What gives? Am I just missing something?
While I'm on the topic of OpenCL compiler differences, does anyone know a good resource that lists the compiler differences between AMD and NVIDIA?
OpenCL conveniently provides that for you already. You can use the predefined UINT_MAX in your kernel code and the implementation will guarantee that it holds the correct value.
However there is also nothing wrong in the method you use. The spec guarantees that uint is 32bits and ulong 64bits, ints are twos complement and everything that is not explicitly mentioned works exactly as is written in C99 spec.

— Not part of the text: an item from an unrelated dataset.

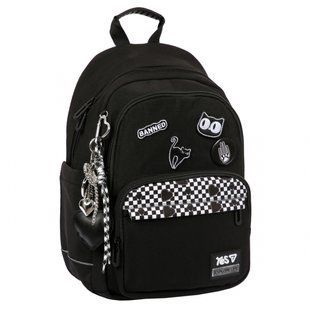 Школьный рюкзак Yes TS-47M Black Cat (550306)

Even just this should work and give you the correct result: uint uintmaxx = -1;
It seems that NVidia just has a broken compiler, if not I really hope I'll be corrected on the issue. The really odd part there is that how on earth the 32nd bit is 1? Shift to left by 32 moves the original bit to the 33rd place. So what on earth places a bit in the 32nd spot? The only thing I got in my mind is that they don't respect operator ordering at all and transform the formula into (ulong)1 << (32-1) or something like that.
You probably should file a bug report. But to be frank considering that they hate OpenCL as much as Microsoft hates OpenGL, if not even more, I wouldn't really anticipate fast response times.